WORK TO BE COMPLETED:
Although the records contain pictures, none belong in the copy: restate word for word only the lines from the one with "Jordan Air Patrol Backpack" through the one with "DREAM online show from 01.31.25", both included.

RECORDS TO USE:
++++++++++++++++++++

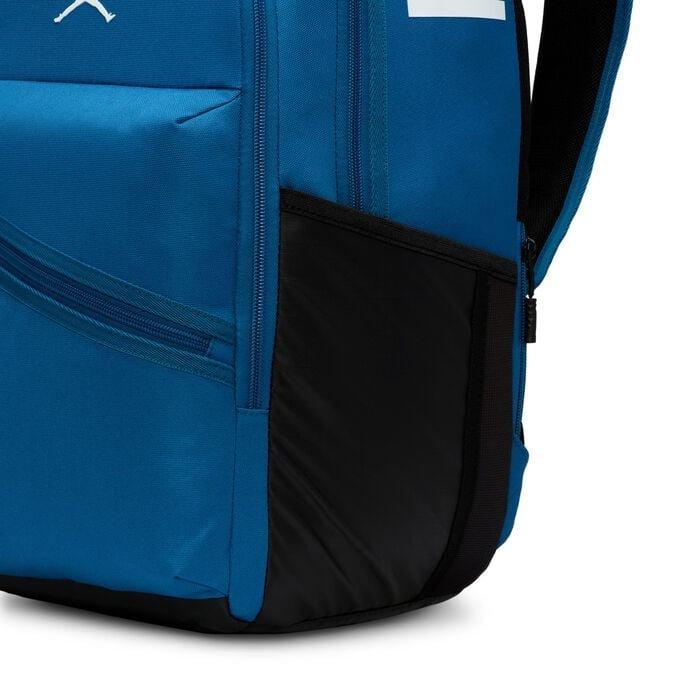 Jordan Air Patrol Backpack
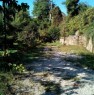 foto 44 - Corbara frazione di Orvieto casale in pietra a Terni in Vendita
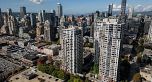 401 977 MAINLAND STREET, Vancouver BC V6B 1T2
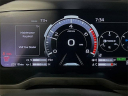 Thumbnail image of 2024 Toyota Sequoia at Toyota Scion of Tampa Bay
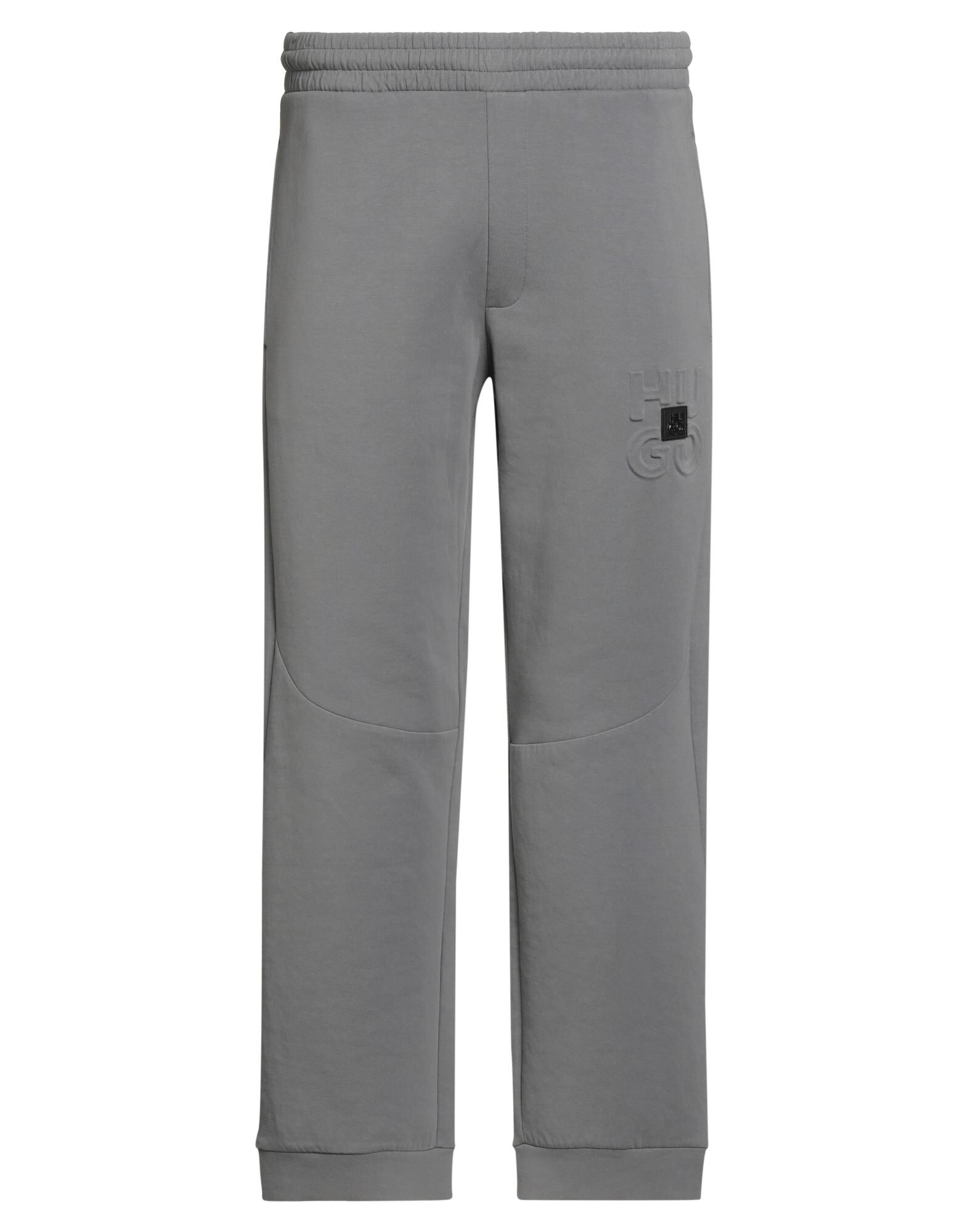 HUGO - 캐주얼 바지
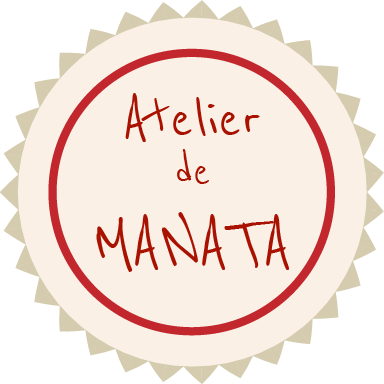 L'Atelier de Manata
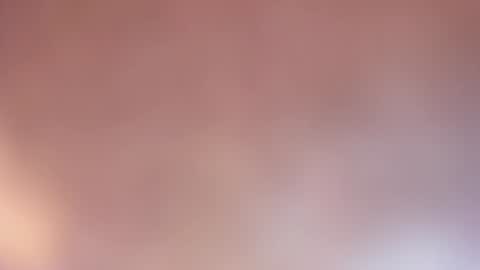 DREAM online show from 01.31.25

++++++++++++++++++++

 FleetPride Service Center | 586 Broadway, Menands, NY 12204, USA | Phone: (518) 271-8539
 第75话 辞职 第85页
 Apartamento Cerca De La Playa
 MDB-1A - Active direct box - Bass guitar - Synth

++++++++++++++++++++

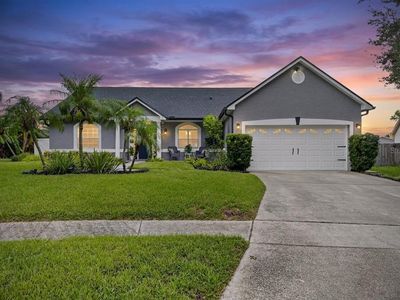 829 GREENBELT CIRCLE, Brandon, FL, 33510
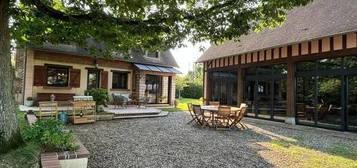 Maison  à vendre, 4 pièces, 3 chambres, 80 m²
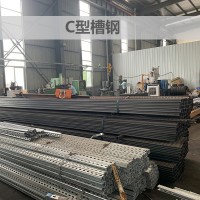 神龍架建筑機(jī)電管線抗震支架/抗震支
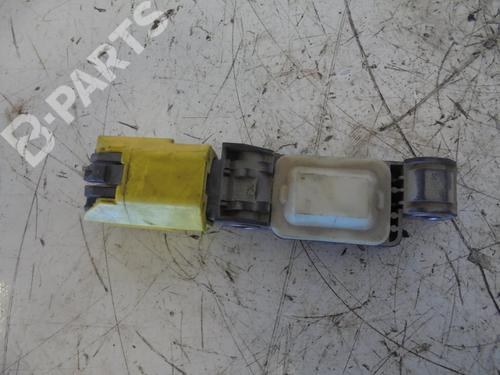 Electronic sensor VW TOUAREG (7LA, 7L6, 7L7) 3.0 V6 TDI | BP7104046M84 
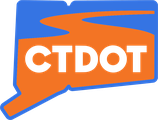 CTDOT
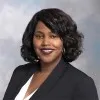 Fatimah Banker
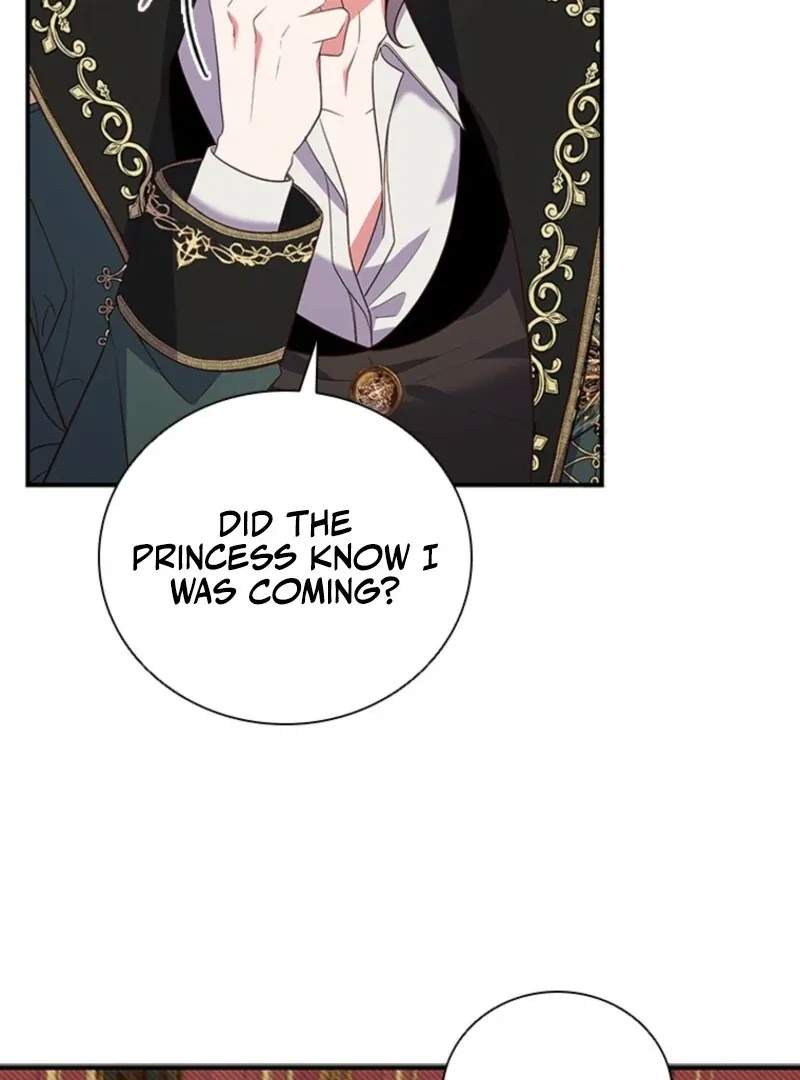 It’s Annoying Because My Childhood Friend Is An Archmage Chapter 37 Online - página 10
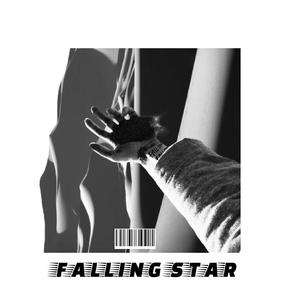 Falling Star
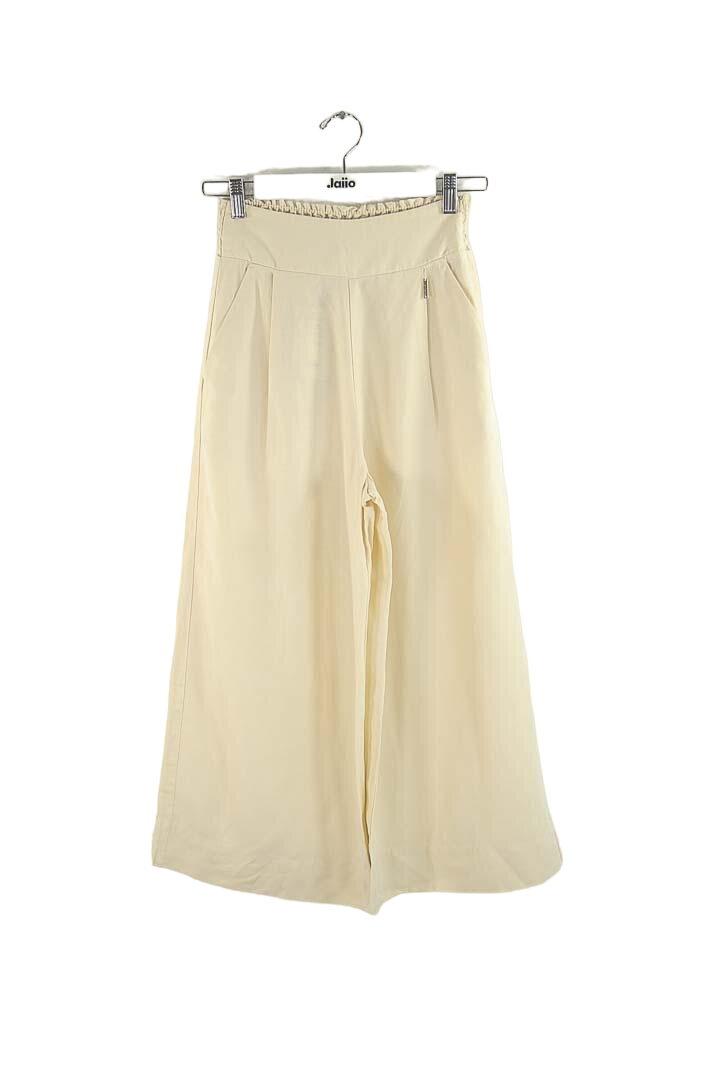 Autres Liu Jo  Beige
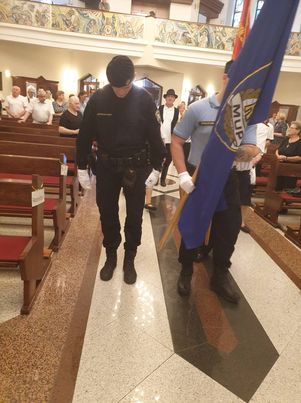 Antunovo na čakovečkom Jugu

++++++++++++++++++++

WRITTEN RESPONSE:
 Jordan Air Patrol Backpack
 foto 44 - Corbara frazione di Orvieto casale in pietra a Terni in Vendita
 401 977 MAINLAND STREET, Vancouver BC V6B 1T2
 Thumbnail image of 2024 Toyota Sequoia at Toyota Scion of Tampa Bay
 HUGO - 캐주얼 바지
 L'Atelier de Manata
 DREAM online show from 01.31.25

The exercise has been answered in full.